Search code examples
regexcsvextractd

Extracting values from comma separated lists


When given a list of comma separated values like 3, asdf, *#, 1212.3, I would like to extract each of these values, not including the comma, so I would have a value list like [3, "asdf", "*#", 1212.3] (not as a textual representation like that, but as an array of 'hits'). How would I do this?


Solution

  • First off, if you are dealing with CSV files, don't use regex or your own parser. Basically when you think things are simple they really aren't, Stop Rolling Your Own CSV Parser.

    Next up, you say that you would like to have an array ([3, "asdf", "*#", 1212.3]). This looks to be mixing types and can not be done in a static language. And ultimately is very inefficient even using std.variant. For each parsed value you'd have code like:

    try {
        auto data = to!double(parsedValue);
        auto data2 = to!int(data);
        if(data == data2)
            returnThis = Variant(data2);
        else
            returnThis = Variant(data);
    } catch(ConvException ce) { }
    

    Now if your data is truely separated by some defined set of characters, and isn't broken into records with new lines, then you can use split(", ") from std.algorithm. Otherwise use a CSV parser. If you don't want to follow the standard wrap the parser so the data is what you desire. In your example you have spaces, which are not to be ignored by the CSV format, so call strip() on the output.

    In the article I linked it mentions that what commonly happens is that people will write a parser in its simplest form and not handle the more complicated cases. So when you look for a CSV parser you'll find many that just don't cut it. This writing your own parser comes up, which I say is fine just handle all valid CSV files.

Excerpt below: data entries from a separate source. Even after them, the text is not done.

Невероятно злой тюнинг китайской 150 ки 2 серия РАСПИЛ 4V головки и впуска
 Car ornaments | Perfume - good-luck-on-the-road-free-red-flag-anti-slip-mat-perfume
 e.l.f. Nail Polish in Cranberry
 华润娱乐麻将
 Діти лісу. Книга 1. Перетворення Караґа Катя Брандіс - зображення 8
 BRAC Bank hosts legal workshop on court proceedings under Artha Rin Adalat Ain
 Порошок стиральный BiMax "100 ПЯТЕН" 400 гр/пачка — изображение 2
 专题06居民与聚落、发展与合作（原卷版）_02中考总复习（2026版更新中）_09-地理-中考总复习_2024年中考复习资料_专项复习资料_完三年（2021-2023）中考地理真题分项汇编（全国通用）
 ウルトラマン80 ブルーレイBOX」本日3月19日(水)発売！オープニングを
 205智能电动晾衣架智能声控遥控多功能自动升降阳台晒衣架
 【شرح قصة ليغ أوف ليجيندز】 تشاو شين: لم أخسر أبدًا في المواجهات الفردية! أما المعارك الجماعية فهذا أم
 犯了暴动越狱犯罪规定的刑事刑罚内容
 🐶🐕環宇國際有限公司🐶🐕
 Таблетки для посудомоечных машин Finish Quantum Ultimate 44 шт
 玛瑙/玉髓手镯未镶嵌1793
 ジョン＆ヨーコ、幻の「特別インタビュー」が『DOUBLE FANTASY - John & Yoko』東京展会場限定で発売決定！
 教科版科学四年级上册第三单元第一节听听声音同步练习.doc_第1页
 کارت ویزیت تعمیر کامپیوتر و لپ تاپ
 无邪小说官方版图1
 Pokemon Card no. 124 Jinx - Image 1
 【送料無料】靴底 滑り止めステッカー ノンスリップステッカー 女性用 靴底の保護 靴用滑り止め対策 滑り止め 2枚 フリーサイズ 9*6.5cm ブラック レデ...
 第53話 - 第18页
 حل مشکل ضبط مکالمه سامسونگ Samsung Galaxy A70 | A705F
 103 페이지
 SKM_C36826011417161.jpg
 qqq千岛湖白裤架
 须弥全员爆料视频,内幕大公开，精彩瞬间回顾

    Luckily you don't need to write your own as I reciently made a CSV Parser for D. Error checking isn't done currently, I don't know the best way to report issues such that parsing can be corrected and continue. Usage examples are found in the unittest blocks. You can parse over a struct too:

    struct MyData {
        int a;
        string b;
        string c;
        double d
    }
    
    foreach(data; csv.csv!MyData(str)) // I think I'll need to change the module/function name
        //...